**Short descriptive text snippets**:
______

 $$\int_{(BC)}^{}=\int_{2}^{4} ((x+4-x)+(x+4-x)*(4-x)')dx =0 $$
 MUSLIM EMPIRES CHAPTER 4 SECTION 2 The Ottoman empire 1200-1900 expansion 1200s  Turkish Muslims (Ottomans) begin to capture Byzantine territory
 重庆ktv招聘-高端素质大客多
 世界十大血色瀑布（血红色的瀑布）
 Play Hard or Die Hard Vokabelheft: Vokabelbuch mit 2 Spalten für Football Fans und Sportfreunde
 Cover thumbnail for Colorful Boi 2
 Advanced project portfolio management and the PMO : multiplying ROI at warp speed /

______

**Exercise prompt**:
What must be transcribed is the run of lines from the one containing "Play Hard or" to the last line of the data above, inclusive, and only that.

**Your response**:
 Play Hard or Die Hard Vokabelheft: Vokabelbuch mit 2 Spalten für Football Fans und Sportfreunde
 Cover thumbnail for Colorful Boi 2
 Advanced project portfolio management and the PMO : multiplying ROI at warp speed /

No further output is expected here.